I think probably the commenter's startup failed because of competition from
big hyped, well funded players like Slack. Maybe when the hype settles, they
would have a chance. Timing is everything.

Only a handful of lucky few who are well connected don't have to worry about
competitors, everyone else needs to assume a competitive landscape full of
noise and misinformation.

------
jrd79
My business partner and I have been working remotely with each other for the
last 5 years, after a previous 7 years in a shared office.

To make it work, we bought dedicated iPads and put them on stands next to our
computer monitors on our desks. We start a FaceTime call at the beginning of
each day and literally leave it running all day.
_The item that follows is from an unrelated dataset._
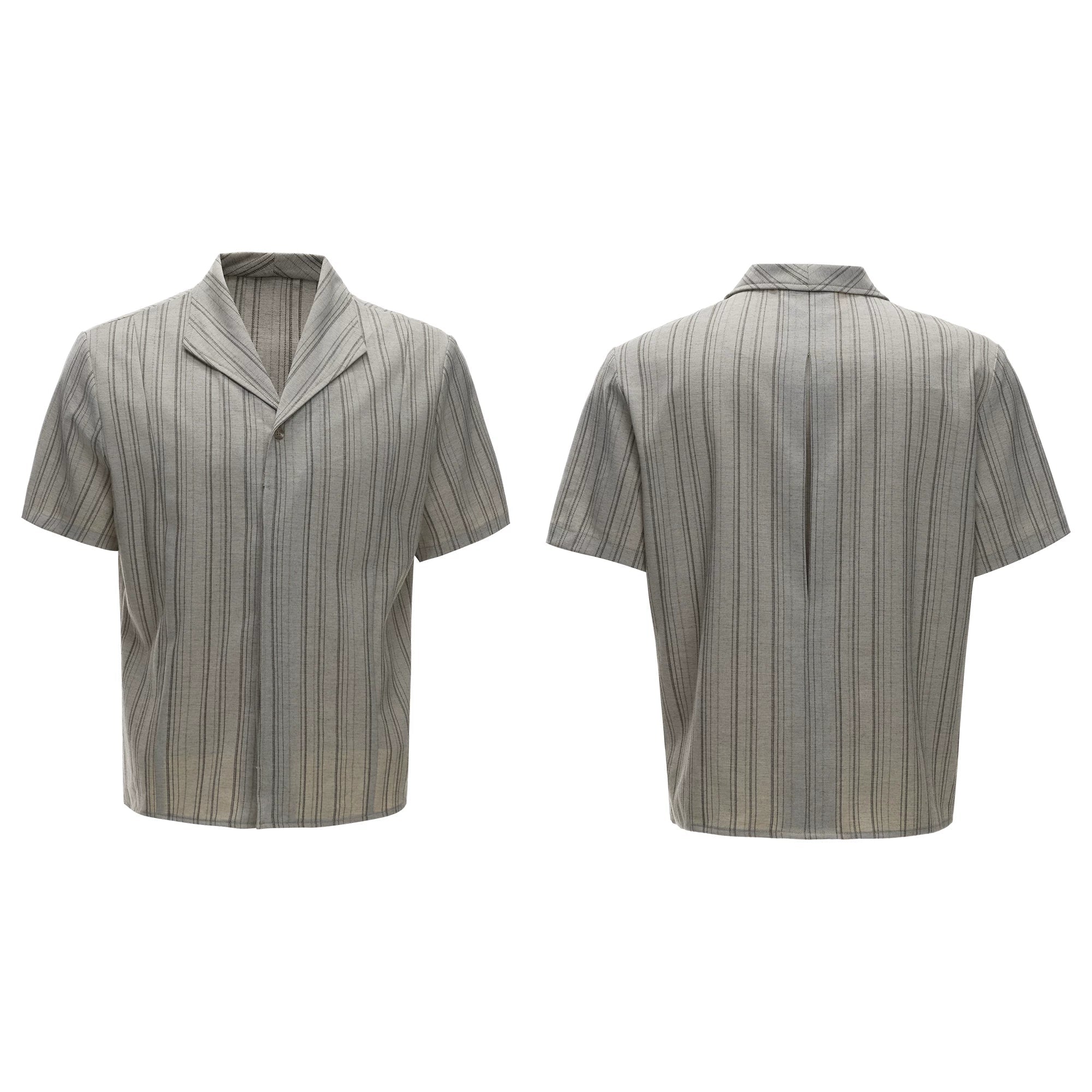 Vintage Stripe Cuban Collar Top / Pants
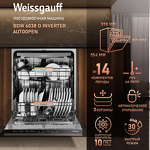 Превью картинка Посудомоечная машина 60см встраиваемая Weissgauff BDW 6038 D Inverter Autoopen #1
We mute when not actively
talking, so we can listen to music (and not listen to the other's keyboard
noises).

It is amazing. We always can see if the other one is present and/or busy on a
phone call. If I want to talk, I just unmute myself and start talking. It is
surprisingly similar to being in the same room as someone, without having to
agree on the playlist.

Obviously, this particular setup doesn't scale to larger teams, and it does
rely heavily on the very high quality and reliability of the audio and video
of FaceTime. But I'd recommend it highly for those in the same situation. Made
the cross-country move possible without destroying the business.

The dedicated device is key, so that it is always visible and doesn't take CPU
or screen real estate on your actual computer. And I can't emphasize enough
the importance of the high quality audio in FaceTime. We tried Squiggle back
in the day and the audio/video were just not good enough (and the freeze
frames were unflattering and distracting in a way that silent video is not,
strangely). It would be nice to unmute both sides at once, but FaceTime is
obviously not going to add that feature.

We thought about trying to make a product out of our insights/experiences but
concluded that it would be a bit like re-implementing MS Word to fix the find
dialog (if anyone remembers that issue back in the day).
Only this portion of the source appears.